[Exercise objective]
With the pictures removed, the data below must be transcribed in full and exactly.
**** Given information
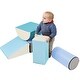 preview thumbnail 2 of 12, Soft Climb and Crawl Foam Playset,Safe Soft Foam Nugget Shapes Block for Infants,Preschools,Toddlers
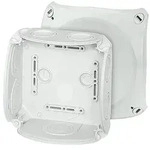 Hensel Kabelabzweigkasten DK 0600 G, 130 x 130 x 77 mm, IP 66, ohne Klemmen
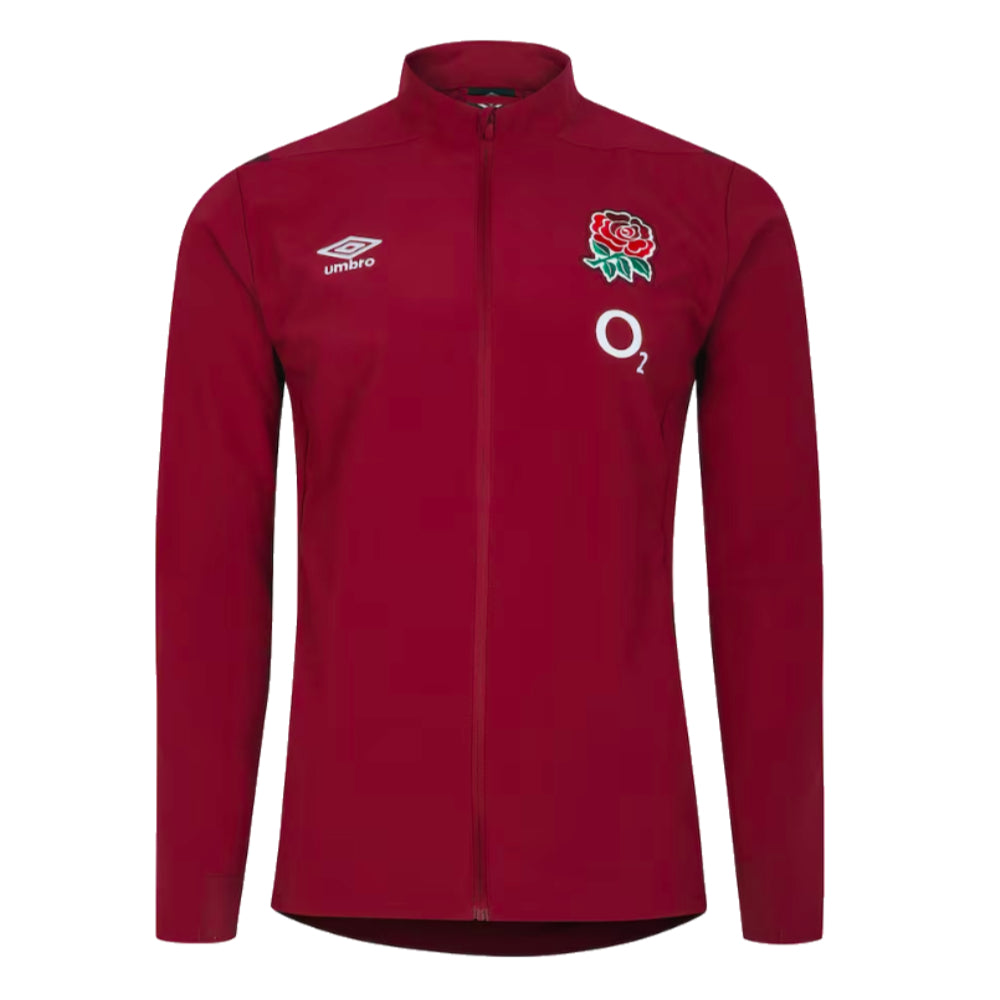 2023-2024 England Rugby Presentation Jacket (Tibetan Red)_1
********
[Task solution]
 preview thumbnail 2 of 12, Soft Climb and Crawl Foam Playset,Safe Soft Foam Nugget Shapes Block for Infants,Preschools,Toddlers
 Hensel Kabelabzweigkasten DK 0600 G, 130 x 130 x 77 mm, IP 66, ohne Klemmen
 2023-2024 England Rugby Presentation Jacket (Tibetan Red)_1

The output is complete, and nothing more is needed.